No obstante, es de considerar como una de las pruebas decisivas, al modo de ver de algunos apologistas, de la verdad del cristianismo, es su eficacia. Es pensamiento que figura en mis notas, repetidas veces, disperso, con ocasión de cuestiones muy varias. El amor de Dios se manifiesta en la paciencia con que espera, con que perdona al pecador; pero se ostenta igualmente, y en sí de manera más luminosa, en la fuerza con que levanta al pecador de su abyección en el pecado; el nombre del Señor es grande, porque coloca al mendigo que yacía en el polvo, entre los príncipes de su pueblo. Para Justino v.gr., una muestra decisivamente esclarecedora de las dudas de paganos buenos, era que Platón no había conseguido mudar las costumbres sino de muy pocos hombres ya bien dotados, mientras Cristo convertía a cualquiera, y eso continuamente. Ahora bien, ¿en nuestra sociedad cristiana se pueden mantener estas afirmaciones, no ya como posibilidades, sino como hechos notorios? Pues en eso consiste el valor apologético que Justino podía utilizar. Un estudio atento de los clásicos, ¿nos pondrá ante la vista una comunidad humana que, al cabo de veinte siglos, el cristianismo ha convertido, donde las virtudes han crecido, pero sin soberbia, y donde los vicios se han desarraigado? O más bien ¿habremos de contentarnos con acudir al fácil surtido de recursos que nos ofrece la debilidad humana? Pero en esto se demuestra el vigor Paterno, ¡en que es capaz de fortalecer al débil! Es necesaria una reflexión minuciosa y honda sobre los textos clásicos, para formar la idea exacta de aquella sociedad y poder concluir que es lo que realmente poseemos hoy de adelanto.

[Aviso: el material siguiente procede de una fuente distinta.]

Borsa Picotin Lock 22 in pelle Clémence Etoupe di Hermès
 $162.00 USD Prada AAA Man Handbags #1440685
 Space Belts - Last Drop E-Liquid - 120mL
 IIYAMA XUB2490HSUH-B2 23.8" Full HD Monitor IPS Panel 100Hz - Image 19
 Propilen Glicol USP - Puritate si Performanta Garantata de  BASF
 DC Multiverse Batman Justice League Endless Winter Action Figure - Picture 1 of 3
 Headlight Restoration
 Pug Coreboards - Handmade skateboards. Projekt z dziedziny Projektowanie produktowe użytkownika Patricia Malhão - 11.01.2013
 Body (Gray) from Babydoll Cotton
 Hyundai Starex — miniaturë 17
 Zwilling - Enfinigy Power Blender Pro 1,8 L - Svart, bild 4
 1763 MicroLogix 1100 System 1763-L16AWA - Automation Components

Otra advertencia digna de ser anotada, es la necesidad del estudio para conocer al hombre. La reprobación enérgica e inflexible de la resobada oposición entre el hombre de libros y el hombre de la vida, del trato. No existe tal cosa, y en rigor, un hombre con suficiente capacidad podría penetrar profunda y exactamente a los demás, sin haber conversado jamás con nadie, solamente pertrechado de las convenientes lecturas. Si es verdad que el sabio de gabinete tiene sus peligros, no menos cierto es que los tiene el ignorante que “vive” en el bullicio de la continua conversación, que ellos llaman “diálogo”, porque son impotentes para asimilar cuatro ideas, y tienen que restringirse a repetir las pocas palabras no entendidas, del mezquino caudal verbal de moda. De hecho, las lecturas han de completarse con el trato; pero pensar que charlar con unas cuantas personas, que se expresan deficientemente, va a saturarme de conocimiento mejor y más pronto, que el comercio con los grandes autores universales, que supieron profundizar en el misterio del hombre, es idea ridícula.